As revelações mexeram com aquilo que, até à data, era uma das investigações mais complexas do país e levou o realizador a afirmar, em entrevista à BBC, que tinha cometido "um erro de julgamento" a respeito de Moro e que isso iria ter impacto nos episódios futuros da série.
"Parece que Moro tomou a iniciativa de ajudar a acusação. Uma atitude antiética e claramente estúpida. Primeiro, porque juízes precisam ser neutros. Segundo, porque as evidências eram muito claras. Ao se arvorar para além das suas funções, Moro pode terminar soltando políticos que, claramente, depenaram o país em conluio com grandes bancos e construtoras", revelou em entrevista à BBC.
Mas o jornalista Henrique Araújo não se fica por aqui e atira-se, através do Twitter, à problemática das decisões artísticas tomadas pelo realizador em "Tropa de Elite".
"Um lembrete: 'Tropa de Elite' materializa a figura do justiceiro fascista em ascensão, a retórica anticorrupção como salvaguarda para matar e o sebastianismo político à procura de um herói – um capitão, de preferência. Qual o peso desse filme na construção da figura de Bolsonaro?", lê-se.
E continua: "A cena em que Nascimento [interpretado por Wagner Moura] é aplaudido num restaurante depois de autorizar matança no presídio de Bangu era um aviso tão cristalino e incontroverso, uma mensagem ao futuro que a ficção oferecia. Todos os elementos do Brasil de hoje estavam lá, em fermentação, prestes a explodir.

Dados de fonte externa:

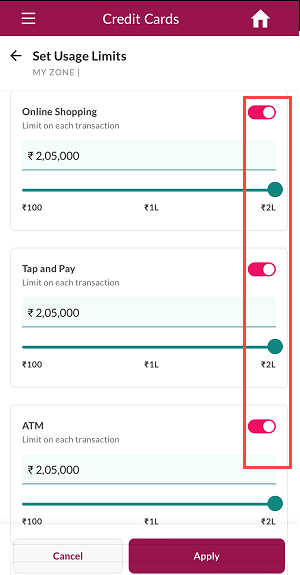 Axis Bank Credit Card Block/Unblock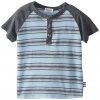 Splendid Littles Baby-Boys Infant Jasper Short Sleeve Raglan Henley, Sky, 18-24 Months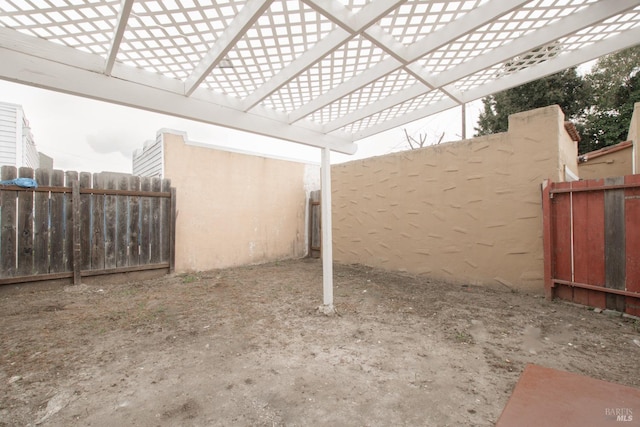 308 Central Ave, Vallejo, CA 94590 - view of patio with a pergola and fence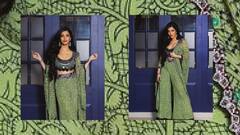 Shruti haasan Photos : பச்சை நிற உடையில் கலக்கும் நடிகை ஸ்ருதி ஹாசன்!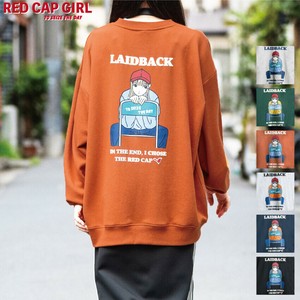 【SPECIAL PRICE】RED CAP GIRL 裏毛 バック発泡&ラバープリント クルーネック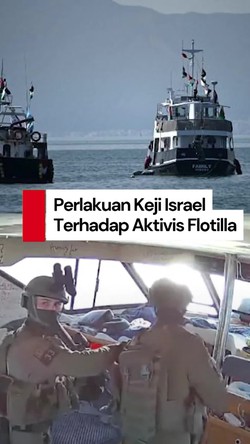 Video Aktivis Flotilla Cerita Kejinya Aparat Israel: Kepala Ditodong Senjata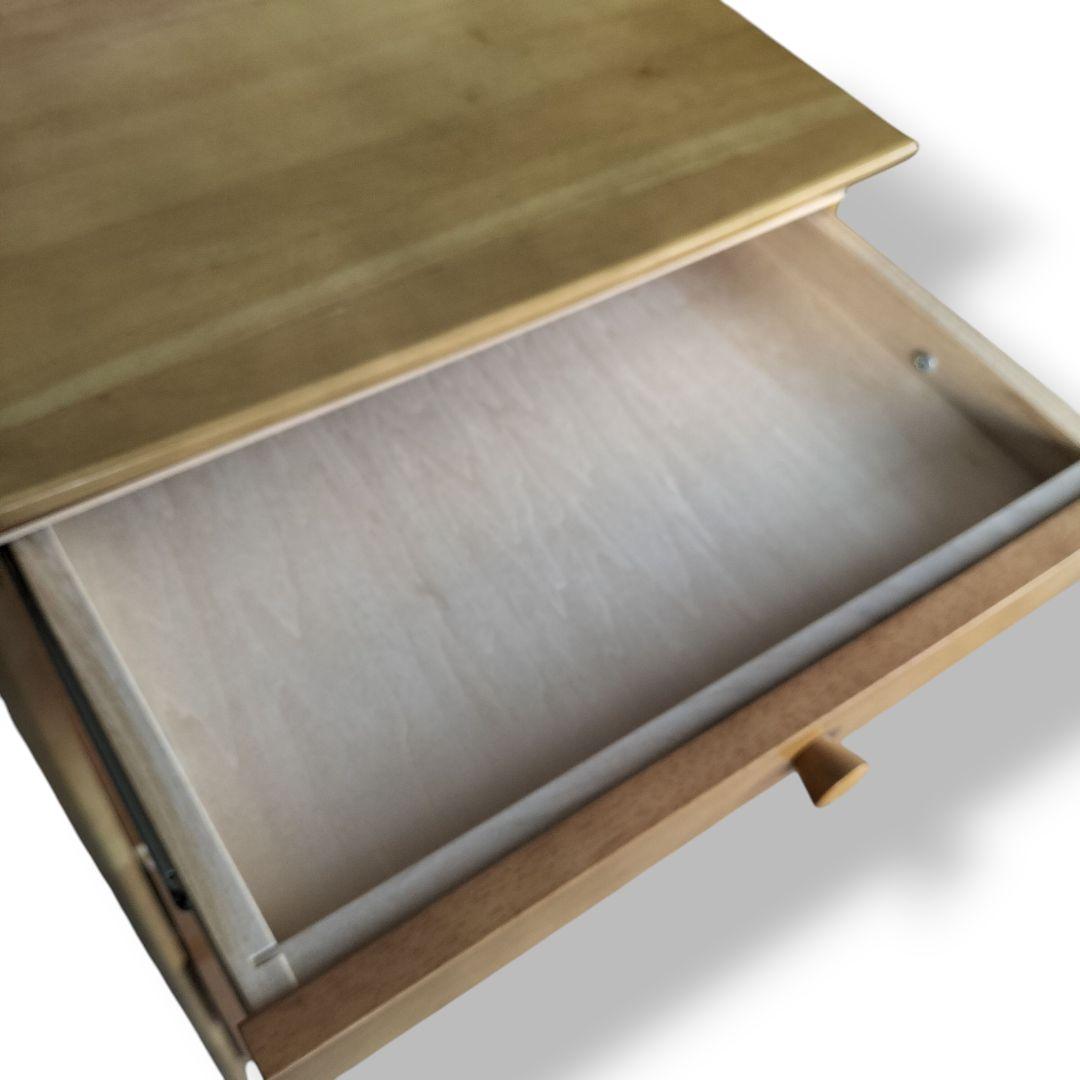 美品 カリモク Karimoku 電話台 FAX台 花台 キャビネット 引き出し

É por isso que o jornalista conclui dizendo entender que o realizador representa "profissional e artisticamente, o mesmo sistema contra o qual Marielle Franco se empenhou em sua luta parlamentar e pessoal" e que, por isso, é um absoluto "contra-senso que sua vida e morte, ainda não solucionada, caia nas mãos dele."
Apesar das críticas, e dos receios de que a morte de Marielle seja retratada de forma muito diferente da que era na realidade, o projeto vai mesmo avançar numa parceria entre a argumentista Antonia Pellegrino, José Padilha e a Globo.
Em entrevista à "Folha de São Paulo", Pellegrino, amiga próxima de Marielle e uma das primeiras pessoas a chegar ao local do crime, explica que a escolha recaiu em Padilha porque "precisava de alguém que pudesse levar a história ainda mais longe". E não esconde os seus motivos para a criação da série.
"O assassinato de Marielle Franco não é o único crime que aconteceu no Rio de Janeiro, mas é sim o único crime capaz de revelar esse esgoto da cidade, que a gente insiste em chamar de maravilhosa, mas que talvez a gente já tenha que começar a chamar de cidade do crime", ressalva. Ainda sem uma data de estreia concreta, sabe-se apenas que o projeto vai estrear-se em 2021 e vai contar com duas temporadas.
Enquanto a primeira temporada vai servir como uma espécie de biografia da ativista, que se espera que culmine com o homicídio que chocou o Brasil e o mundo, a segunda temporada deverá focar-se apenas nos responsáveis e, caso a investigação esteja concluída até lá, a resolução do crime.
Os vários suspeitos do homicídio de Marielle Franco estão ligados à polícia militar e às milícias.